Mrs. Trefoile reads aloud from the Bible while holding a
gun on Patricia--as one does.
Die! Die! My Darling! is a British Film produced by Hammer Pictures. In the U.K., it was released under the title Fanatic in 1965. The film stars the incomparable Tallulah Bankhead as Mrs. Trefoile. Miss Bankhead was a renowned stage actress who made her career creating roles which Bette Davis would later play in films. It’s rumored that Davis’ Margo Channing from All About Eve is based on Tallulah Bankhead—a rumor to which Tallulah responded by simply saying, yes, and “weren’t we wonderful in the film?” Bankhead, of course, was better known for her wild behavior and party-girl ways as well as her many romantic adventures. She was a grand dame, and, given that the 1960’s was the era of “Grand Dame Guignol” films, Tallulah was not about to let Bette Davis, Joan Crawford and Olivia de Havilland be the only “Scream Queens.”

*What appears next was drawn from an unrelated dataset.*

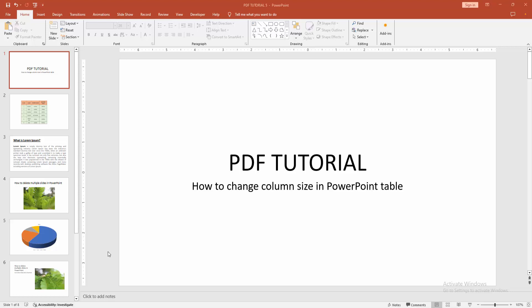Assalamualaikum, Hello friends, how are you? Welcome back to my another video. In this video, I am going to show you how to change column size in PowerPoint table. Let's get started.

The role of Patricia went to Stefanie Powers who forged a deep friendship with Tallulah though she later recounted cheerfully that during some of the torture scenes, Miss Bankhead took some liberties by putting her hands in places they shouldn’t have gone.

Fanatic was directed by Silvio Narrizano who found Tallulah to be difficult initially, but managed to work well with her. The picture was filmed in 1964 at Elstree Studios in London and on location in Hertfordshire. The cast also included Yootha Joyce as Mrs. Trefoile’s loyal maid, Anna, Peter Vaughan as the lecherous Harry and a very young Donald Sutherland as the hulking simpleton, Joseph.

This is certainly not Dark Victory or The Little Foxes. However, there’s something to be said for the image of a Technicolor Tallulah with a gun, licking a knife and dragging Stefanie Powers around by her hair. It’s strange and wacky in that way that only 1960’s thrillers can be. Being that this is the season for strange and wacky, there’s something bizarrely enjoyable about the whole thing. Die! Die! My Darling! will keep you entertained if only because of the sheer strangeness of it.